== PROVIDED INFORMATION
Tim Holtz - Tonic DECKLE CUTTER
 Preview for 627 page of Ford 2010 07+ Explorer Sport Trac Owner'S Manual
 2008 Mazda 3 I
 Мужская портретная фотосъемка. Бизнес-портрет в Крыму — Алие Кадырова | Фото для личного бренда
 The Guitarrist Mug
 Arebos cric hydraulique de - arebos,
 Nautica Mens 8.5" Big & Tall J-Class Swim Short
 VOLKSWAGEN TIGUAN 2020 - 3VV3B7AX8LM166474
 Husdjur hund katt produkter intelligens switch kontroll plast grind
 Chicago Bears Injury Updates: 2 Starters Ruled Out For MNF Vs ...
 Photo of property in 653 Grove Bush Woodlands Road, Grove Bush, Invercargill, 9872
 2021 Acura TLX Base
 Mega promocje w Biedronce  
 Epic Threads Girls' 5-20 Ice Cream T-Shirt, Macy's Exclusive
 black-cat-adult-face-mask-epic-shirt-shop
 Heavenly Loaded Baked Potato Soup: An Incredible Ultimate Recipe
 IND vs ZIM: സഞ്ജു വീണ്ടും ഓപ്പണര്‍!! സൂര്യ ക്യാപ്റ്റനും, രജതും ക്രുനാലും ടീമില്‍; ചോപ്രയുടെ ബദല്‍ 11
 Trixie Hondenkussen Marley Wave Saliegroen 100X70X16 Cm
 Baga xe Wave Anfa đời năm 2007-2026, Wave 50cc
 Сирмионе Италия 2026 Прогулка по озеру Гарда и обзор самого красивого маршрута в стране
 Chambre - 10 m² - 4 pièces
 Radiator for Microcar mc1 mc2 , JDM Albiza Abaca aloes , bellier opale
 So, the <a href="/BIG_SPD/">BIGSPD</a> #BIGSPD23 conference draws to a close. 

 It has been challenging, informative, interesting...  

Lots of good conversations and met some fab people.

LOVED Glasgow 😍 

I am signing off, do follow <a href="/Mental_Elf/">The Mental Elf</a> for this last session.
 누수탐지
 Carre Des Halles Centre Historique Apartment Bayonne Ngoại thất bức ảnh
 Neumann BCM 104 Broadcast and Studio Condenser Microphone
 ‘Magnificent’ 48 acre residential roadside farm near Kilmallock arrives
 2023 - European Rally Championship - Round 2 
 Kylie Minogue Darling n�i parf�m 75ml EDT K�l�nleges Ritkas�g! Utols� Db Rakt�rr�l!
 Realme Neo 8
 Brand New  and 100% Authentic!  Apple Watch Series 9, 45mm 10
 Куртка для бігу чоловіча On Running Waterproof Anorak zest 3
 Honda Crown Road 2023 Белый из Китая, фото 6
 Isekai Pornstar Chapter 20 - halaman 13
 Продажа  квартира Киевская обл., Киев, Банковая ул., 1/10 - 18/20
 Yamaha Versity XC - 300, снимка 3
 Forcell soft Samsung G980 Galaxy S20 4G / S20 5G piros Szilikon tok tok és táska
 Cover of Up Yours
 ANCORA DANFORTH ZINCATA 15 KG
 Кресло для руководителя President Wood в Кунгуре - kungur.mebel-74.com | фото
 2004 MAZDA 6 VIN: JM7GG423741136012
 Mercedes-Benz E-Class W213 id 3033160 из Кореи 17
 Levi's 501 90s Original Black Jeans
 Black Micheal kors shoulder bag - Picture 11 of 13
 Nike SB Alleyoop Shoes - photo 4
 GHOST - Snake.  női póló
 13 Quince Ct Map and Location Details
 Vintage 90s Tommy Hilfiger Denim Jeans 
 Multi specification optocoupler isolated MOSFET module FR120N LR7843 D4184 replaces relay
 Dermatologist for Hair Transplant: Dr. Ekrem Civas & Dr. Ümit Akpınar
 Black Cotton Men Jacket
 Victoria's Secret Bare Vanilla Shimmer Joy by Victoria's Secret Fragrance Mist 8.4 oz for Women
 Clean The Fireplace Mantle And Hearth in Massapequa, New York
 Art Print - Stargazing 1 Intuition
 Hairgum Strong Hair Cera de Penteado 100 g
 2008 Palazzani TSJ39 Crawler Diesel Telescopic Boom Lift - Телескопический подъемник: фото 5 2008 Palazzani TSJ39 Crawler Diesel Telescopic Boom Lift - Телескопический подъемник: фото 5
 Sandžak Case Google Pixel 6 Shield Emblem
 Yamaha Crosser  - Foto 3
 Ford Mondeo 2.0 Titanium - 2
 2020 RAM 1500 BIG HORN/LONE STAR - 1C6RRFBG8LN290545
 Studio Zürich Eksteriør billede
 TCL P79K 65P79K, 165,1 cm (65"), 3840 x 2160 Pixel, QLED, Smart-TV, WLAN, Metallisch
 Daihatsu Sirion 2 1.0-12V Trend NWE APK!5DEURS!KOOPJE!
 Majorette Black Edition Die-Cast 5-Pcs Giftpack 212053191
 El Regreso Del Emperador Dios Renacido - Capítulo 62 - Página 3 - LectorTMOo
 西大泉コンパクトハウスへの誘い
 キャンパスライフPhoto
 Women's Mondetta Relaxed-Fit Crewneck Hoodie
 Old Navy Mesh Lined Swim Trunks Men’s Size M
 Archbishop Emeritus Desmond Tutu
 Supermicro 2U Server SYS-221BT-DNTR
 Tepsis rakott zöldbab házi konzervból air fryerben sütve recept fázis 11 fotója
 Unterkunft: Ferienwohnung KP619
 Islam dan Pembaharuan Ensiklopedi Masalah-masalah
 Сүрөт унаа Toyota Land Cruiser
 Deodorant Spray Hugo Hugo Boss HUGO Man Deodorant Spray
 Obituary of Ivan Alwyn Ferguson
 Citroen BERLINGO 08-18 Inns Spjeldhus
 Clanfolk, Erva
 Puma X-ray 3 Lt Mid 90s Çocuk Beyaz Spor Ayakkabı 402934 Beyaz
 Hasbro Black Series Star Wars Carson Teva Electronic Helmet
====
TO DO => Each line in the listing above is to be returned unchanged.

EXPECTED OUTPUT =>
Tim Holtz - Tonic DECKLE CUTTER
 Preview for 627 page of Ford 2010 07+ Explorer Sport Trac Owner'S Manual
 2008 Mazda 3 I
 Мужская портретная фотосъемка. Бизнес-портрет в Крыму — Алие Кадырова | Фото для личного бренда
 The Guitarrist Mug
 Arebos cric hydraulique de - arebos,
 Nautica Mens 8.5" Big & Tall J-Class Swim Short
 VOLKSWAGEN TIGUAN 2020 - 3VV3B7AX8LM166474
 Husdjur hund katt produkter intelligens switch kontroll plast grind
 Chicago Bears Injury Updates: 2 Starters Ruled Out For MNF Vs ...
 Photo of property in 653 Grove Bush Woodlands Road, Grove Bush, Invercargill, 9872
 2021 Acura TLX Base
 Mega promocje w Biedronce  
 Epic Threads Girls' 5-20 Ice Cream T-Shirt, Macy's Exclusive
 black-cat-adult-face-mask-epic-shirt-shop
 Heavenly Loaded Baked Potato Soup: An Incredible Ultimate Recipe
 IND vs ZIM: സഞ്ജു വീണ്ടും ഓപ്പണര്‍!! സൂര്യ ക്യാപ്റ്റനും, രജതും ക്രുനാലും ടീമില്‍; ചോപ്രയുടെ ബദല്‍ 11
 Trixie Hondenkussen Marley Wave Saliegroen 100X70X16 Cm
 Baga xe Wave Anfa đời năm 2007-2026, Wave 50cc
 Сирмионе Италия 2026 Прогулка по озеру Гарда и обзор самого красивого маршрута в стране
 Chambre - 10 m² - 4 pièces
 Radiator for Microcar mc1 mc2 , JDM Albiza Abaca aloes , bellier opale
 So, the <a href="/BIG_SPD/">BIGSPD</a> #BIGSPD23 conference draws to a close. 

 It has been challenging, informative, interesting...  

Lots of good conversations and met some fab people.

LOVED Glasgow 😍 

I am signing off, do follow <a href="/Mental_Elf/">The Mental Elf</a> for this last session.
 누수탐지
 Carre Des Halles Centre Historique Apartment Bayonne Ngoại thất bức ảnh
 Neumann BCM 104 Broadcast and Studio Condenser Microphone
 ‘Magnificent’ 48 acre residential roadside farm near Kilmallock arrives
 2023 - European Rally Championship - Round 2 
 Kylie Minogue Darling n�i parf�m 75ml EDT K�l�nleges Ritkas�g! Utols� Db Rakt�rr�l!
 Realme Neo 8
 Brand New  and 100% Authentic!  Apple Watch Series 9, 45mm 10
 Куртка для бігу чоловіча On Running Waterproof Anorak zest 3
 Honda Crown Road 2023 Белый из Китая, фото 6
 Isekai Pornstar Chapter 20 - halaman 13
 Продажа  квартира Киевская обл., Киев, Банковая ул., 1/10 - 18/20
 Yamaha Versity XC - 300, снимка 3
 Forcell soft Samsung G980 Galaxy S20 4G / S20 5G piros Szilikon tok tok és táska
 Cover of Up Yours
 ANCORA DANFORTH ZINCATA 15 KG
 Кресло для руководителя President Wood в Кунгуре - kungur.mebel-74.com | фото
 2004 MAZDA 6 VIN: JM7GG423741136012
 Mercedes-Benz E-Class W213 id 3033160 из Кореи 17
 Levi's 501 90s Original Black Jeans
 Black Micheal kors shoulder bag - Picture 11 of 13
 Nike SB Alleyoop Shoes - photo 4
 GHOST - Snake.  női póló
 13 Quince Ct Map and Location Details
 Vintage 90s Tommy Hilfiger Denim Jeans 
 Multi specification optocoupler isolated MOSFET module FR120N LR7843 D4184 replaces relay
 Dermatologist for Hair Transplant: Dr. Ekrem Civas & Dr. Ümit Akpınar
 Black Cotton Men Jacket
 Victoria's Secret Bare Vanilla Shimmer Joy by Victoria's Secret Fragrance Mist 8.4 oz for Women
 Clean The Fireplace Mantle And Hearth in Massapequa, New York
 Art Print - Stargazing 1 Intuition
 Hairgum Strong Hair Cera de Penteado 100 g
 2008 Palazzani TSJ39 Crawler Diesel Telescopic Boom Lift - Телескопический подъемник: фото 5 2008 Palazzani TSJ39 Crawler Diesel Telescopic Boom Lift - Телескопический подъемник: фото 5
 Sandžak Case Google Pixel 6 Shield Emblem
 Yamaha Crosser  - Foto 3
 Ford Mondeo 2.0 Titanium - 2
 2020 RAM 1500 BIG HORN/LONE STAR - 1C6RRFBG8LN290545
 Studio Zürich Eksteriør billede
 TCL P79K 65P79K, 165,1 cm (65"), 3840 x 2160 Pixel, QLED, Smart-TV, WLAN, Metallisch
 Daihatsu Sirion 2 1.0-12V Trend NWE APK!5DEURS!KOOPJE!
 Majorette Black Edition Die-Cast 5-Pcs Giftpack 212053191
 El Regreso Del Emperador Dios Renacido - Capítulo 62 - Página 3 - LectorTMOo
 西大泉コンパクトハウスへの誘い
 キャンパスライフPhoto
 Women's Mondetta Relaxed-Fit Crewneck Hoodie
 Old Navy Mesh Lined Swim Trunks Men’s Size M
 Archbishop Emeritus Desmond Tutu
 Supermicro 2U Server SYS-221BT-DNTR
 Tepsis rakott zöldbab házi konzervból air fryerben sütve recept fázis 11 fotója
 Unterkunft: Ferienwohnung KP619
 Islam dan Pembaharuan Ensiklopedi Masalah-masalah
 Сүрөт унаа Toyota Land Cruiser
 Deodorant Spray Hugo Hugo Boss HUGO Man Deodorant Spray
 Obituary of Ivan Alwyn Ferguson
 Citroen BERLINGO 08-18 Inns Spjeldhus
 Clanfolk, Erva
 Puma X-ray 3 Lt Mid 90s Çocuk Beyaz Spor Ayakkabı 402934 Beyaz
 Hasbro Black Series Star Wars Carson Teva Electronic Helmet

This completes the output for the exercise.